» **THE PROBLEM**
Each line below from the one containing "Used 2023 Kia Sportage EX image 38" through the one containing "Апарт готель Gabor" should be output exactly as it stands, and no other line should appear.

» **PROVIDED MATERIAL**
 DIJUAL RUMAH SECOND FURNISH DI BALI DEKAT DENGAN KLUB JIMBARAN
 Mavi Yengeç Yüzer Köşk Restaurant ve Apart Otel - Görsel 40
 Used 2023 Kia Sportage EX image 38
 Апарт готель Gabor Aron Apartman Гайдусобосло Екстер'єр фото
...
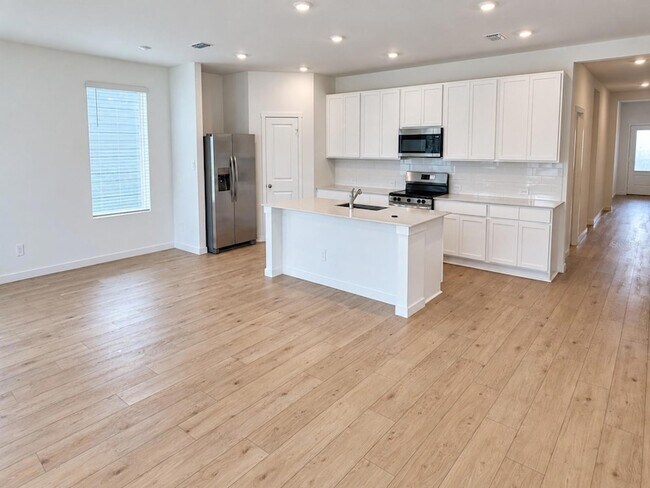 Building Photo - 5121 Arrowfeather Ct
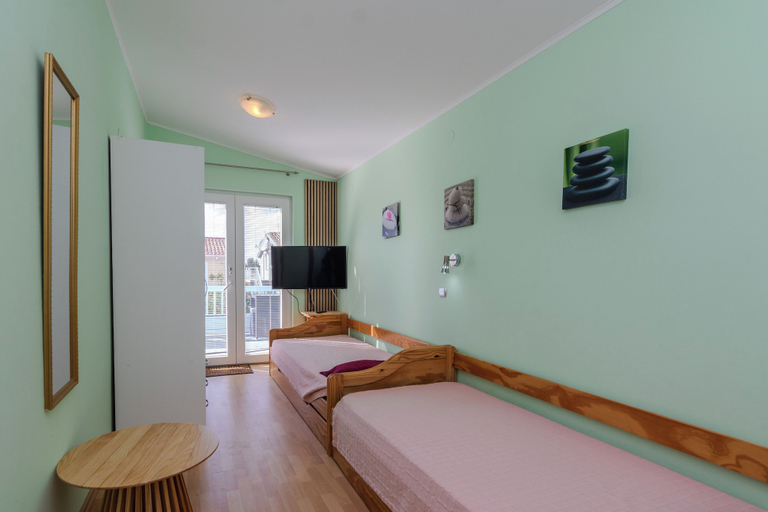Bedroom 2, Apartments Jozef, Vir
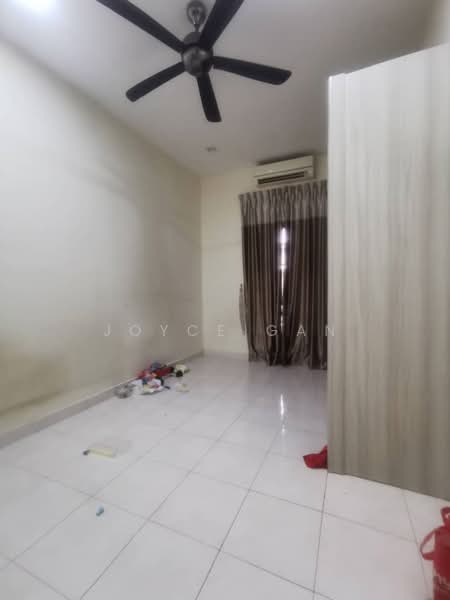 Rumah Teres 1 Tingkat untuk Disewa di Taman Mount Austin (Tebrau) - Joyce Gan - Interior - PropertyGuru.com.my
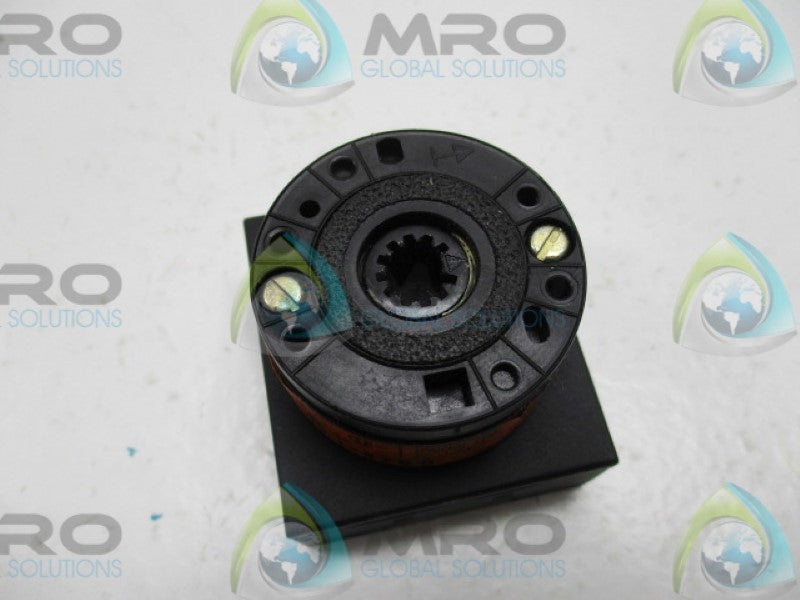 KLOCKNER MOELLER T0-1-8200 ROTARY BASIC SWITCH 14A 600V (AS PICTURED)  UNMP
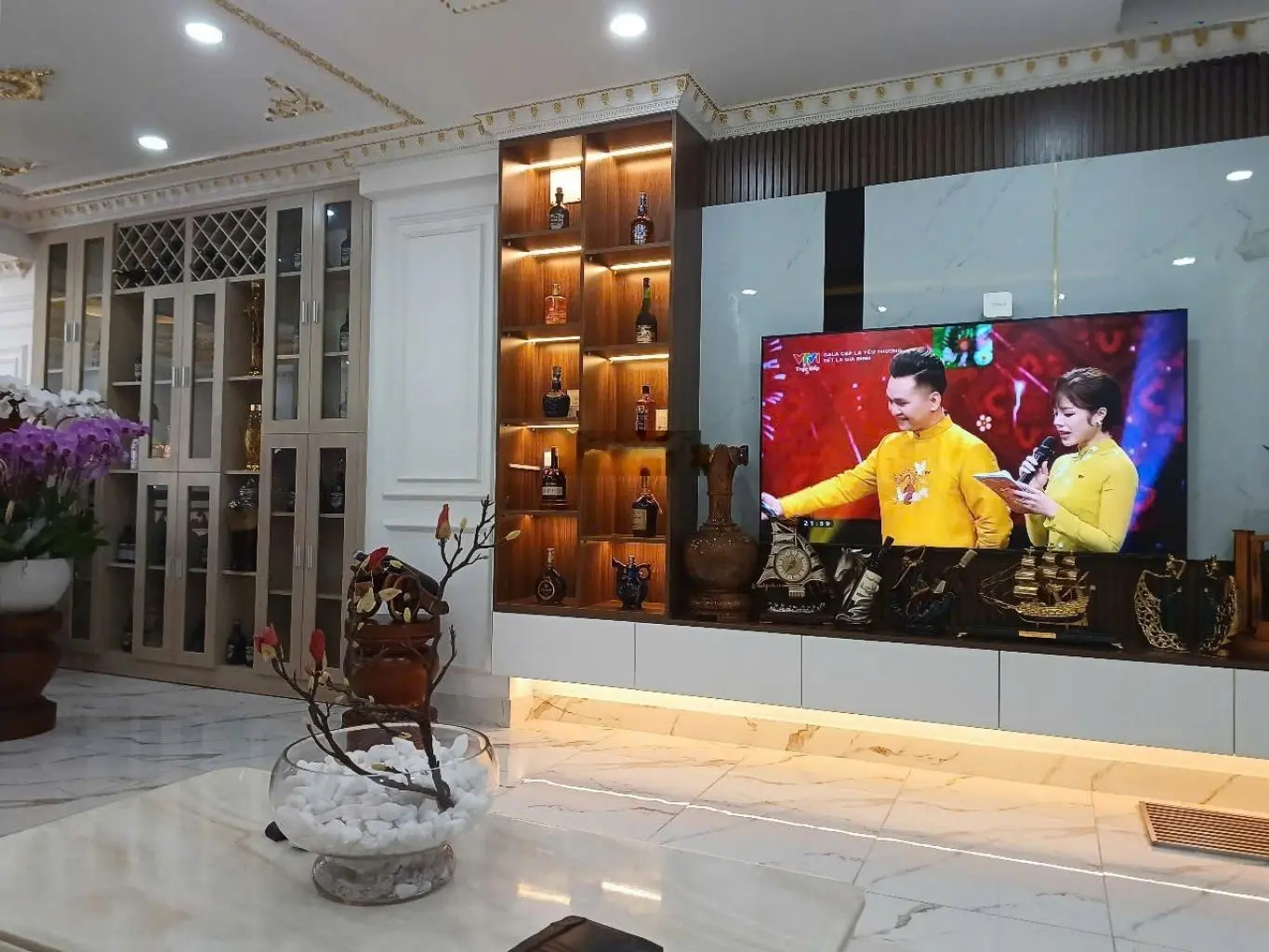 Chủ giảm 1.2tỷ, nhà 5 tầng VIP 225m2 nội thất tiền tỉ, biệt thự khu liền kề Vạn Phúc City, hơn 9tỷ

» **REPLY**
 Used 2023 Kia Sportage EX image 38
 Апарт готель Gabor Aron Apartman Гайдусобосло Екстер'єр фото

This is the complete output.